WORK ORDER: The answer must consist solely of the lines from the one with "Foster Dog Vivian" through the last line of the data, copied exactly, with no pictures.

THE DATA:
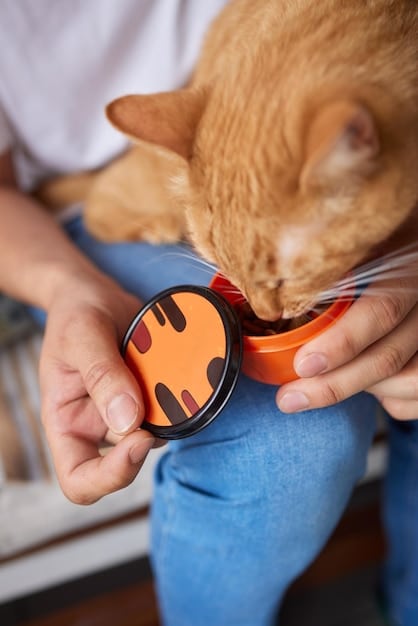 A veterinarian examining a pet food label with a magnifying glass, focusing on the nutritional adequacy statement. The vet is pointing out the AAFCO statement and explaining its significance to a concerned pet owner. The image conveys trust and expertise.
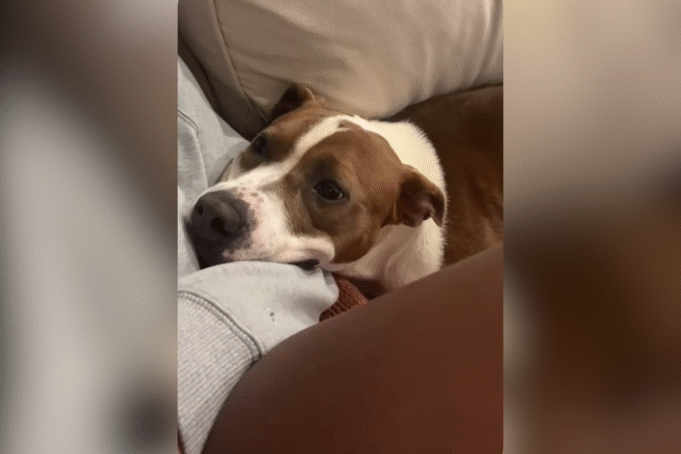 Foster Dog Vivian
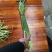 【蒜薹】金乡红帽蒜苔产地直发无霉斑量大从优品质保证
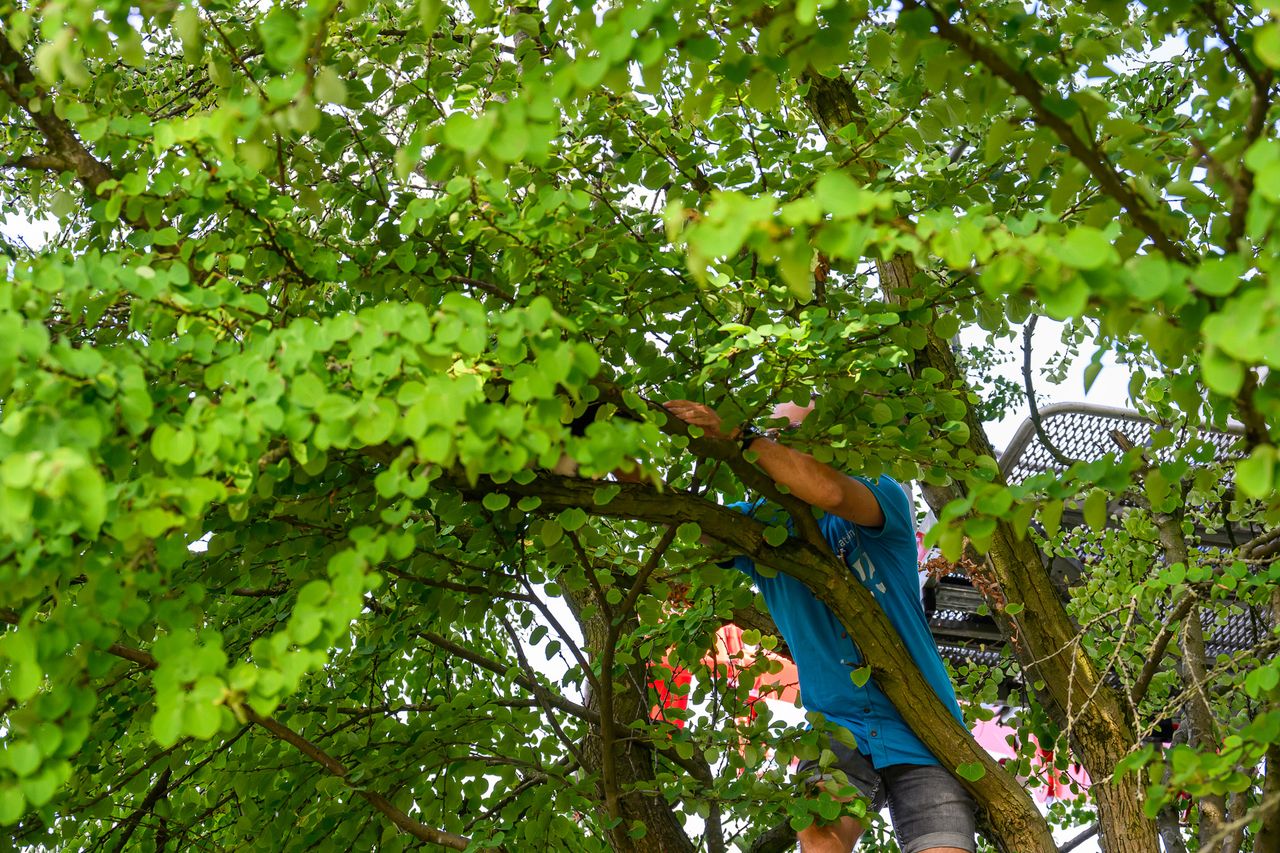 Foto: Tom van der Put/Persbureau Heitink.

TASK RESULT:
 Foster Dog Vivian
 【蒜薹】金乡红帽蒜苔产地直发无霉斑量大从优品质保证
 Foto: Tom van der Put/Persbureau Heitink.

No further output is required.